Pilotabilité du moteur nucléaire

Dans l’aventure, on voit que le moteur atomique est allumé et éteint de nombreuses fois au cours de l’histoire, sans poser de problème. On se souvient notamment du moment où Haddock part à la dérive et se fait « happer » par la gravité de l’astéroïde Adonis. Grâce au moteur atomique, la fusée parvient à aller chercher le capitaine et à échapper à l’attraction de l’astéroïde (qui, dans la réalité, n’est pas du tout sur le chemin de la Terre à la Lune).

Cette capacité d’un réacteur nucléaire à varier rapidement de puissance, voire à passer d’une puissance très faible à sa pleine capacité, est une réalité. Les réacteurs de puissance du parc sont déjà très pilotables pour répondre aux besoins de consommation ; ils peuvent varier de 80 % de puissance en 30 minutes. Mais les champions toutes catégories en la matière sont les réacteurs des sous-marins à propulsion nucléaire, capables d’ajuster leur puissance à grande vitesse.

La gravité artificielle

Le moteur nucléaire de la fusée joue également un rôle clé dans la perspective de futurs voyages spatiaux de long cours : la création d’une gravité artificielle. Comment oublier ce moment où le capitaine Haddock, passablement alcoolisé, flotte dans la fusée à la poursuite de son whisky flottant alors que le moteur atomique a été arrêté par accident ? Bien que le phénomène dans la BD repose sur des bases techniques discutables, il introduit au grand public l’idée que la propulsion peut influencer les conditions de vie en apesanteur.

Un autre aspect crucial du moteur atomique de la fusée est l’idée d’une source d’énergie quasiment illimitée. Cela permettrait d’alimenter non seulement la propulsion, mais aussi tous les systèmes de bord de la fusée, réduisant considérablement la dépendance à des ressources limitées. Cet élément narratif préfigure des discussions actuelles, tout à fait réelles, sur l’utilisation de réacteurs nucléaires pour alimenter des missions spatiales de longue durée, en particulier dans des zones lointaines, là où la seule énergie solaire n’est pas suffisante.

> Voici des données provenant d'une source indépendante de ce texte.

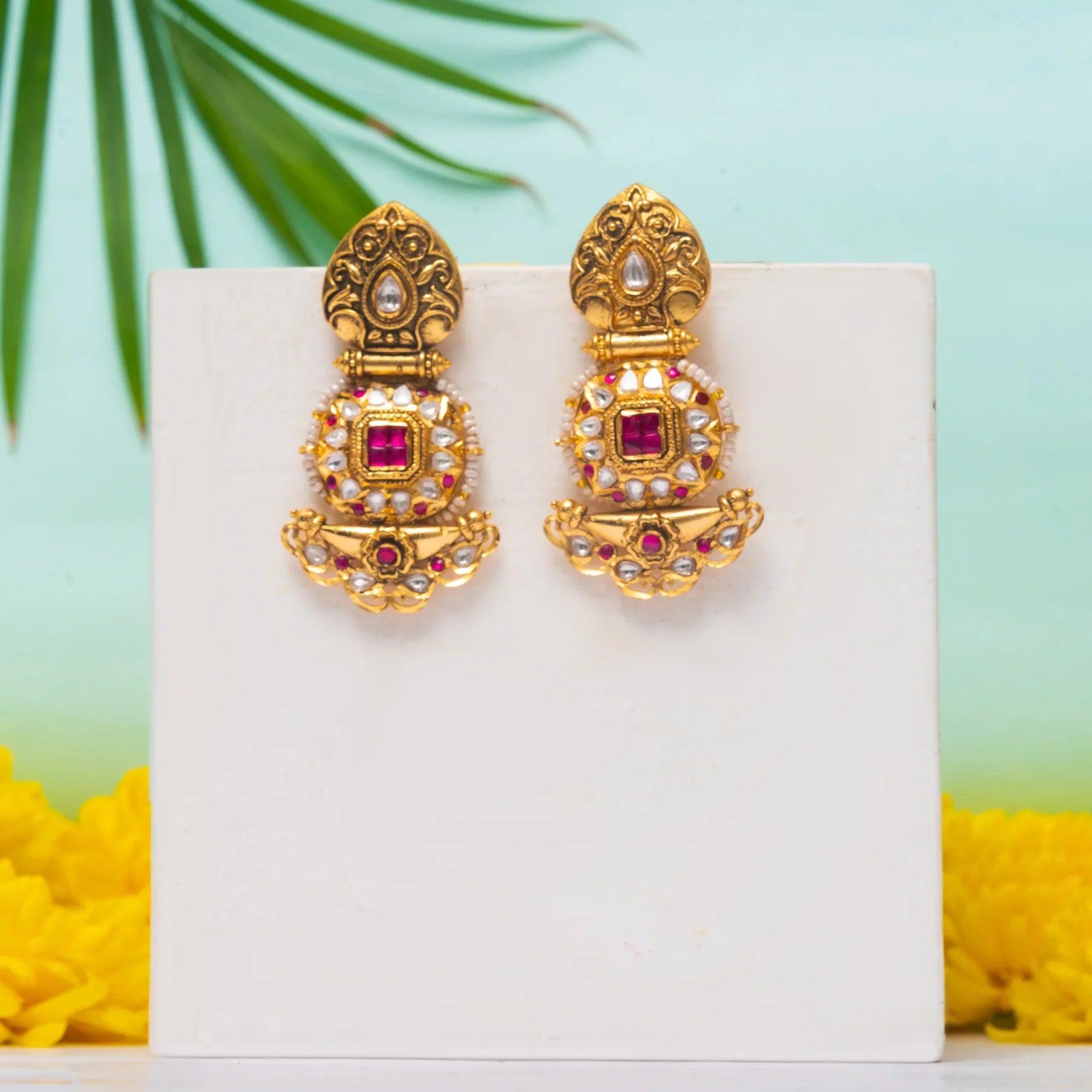 Temple Elegance Ruby Stone Earrings - Dyulokha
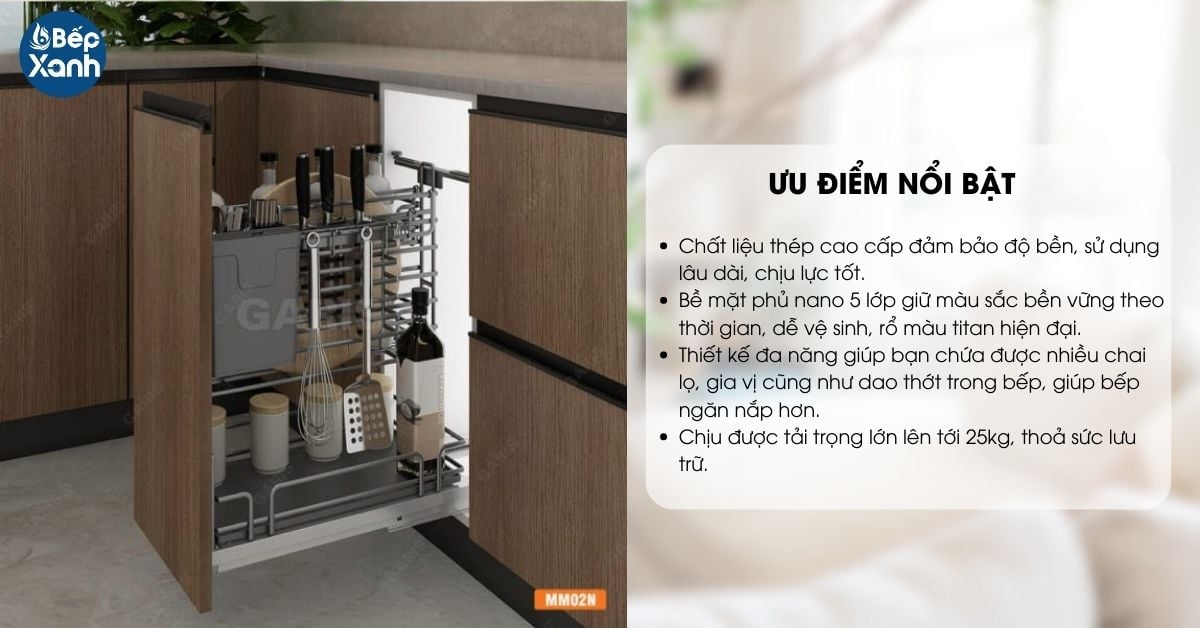 ưu điểm kệ gia vị chai lọ Garis MM02.30N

La Nasa et l’ESA à l’étude

Les systèmes de propulsion nucléaire thermique (NTP) fonctionnent en chauffant un propulsant comme l’hydrogène à l’aide d’un réacteur nucléaire, générant une poussée bien plus efficace que les systèmes chimiques traditionnels. Ce type de propulsion permettrait de réduire considérablement le temps de voyage vers Mars ou les lunes des géantes gazeuses comme Titan, autour de Saturne. De plus, la propulsion nucléaire électrique (NEP) pourrait permettre d’alimenter les systèmes de bord des navettes sur de très longues distances, tout en générant une faible mais continue poussée, idéale pour des missions interplanétaires de plusieurs années.

Sans oublier que nombre de sondes (Voyager, Pioneer, Rosetta…) et de rovers martiens (Spirit, Opportunity…) utilisent déjà des RTG (générateurs thermoélectriques à radioisotope) afin de se protéger du froid et pour générer de petits courants par conversion thermique. ■

Retrouvez tous les numéros de notre série « L’énergie nucléaire dans la culture »

1/9 – La série de jeux vidéo Fallout

2/9 – L’album photo The Nuclear Sublime

3/9 – Le jeu de société Power Grid

4/9 – Le personnage Dr Manhattan de Watchmen

5/9 – Le DeLorean de Retour vers le Futur

6/9 – Le jeu de société Nucleum

7/9 – Le super-héros de DC Captain Atom

8/9 – Le film Seul sur Mars (The Martian)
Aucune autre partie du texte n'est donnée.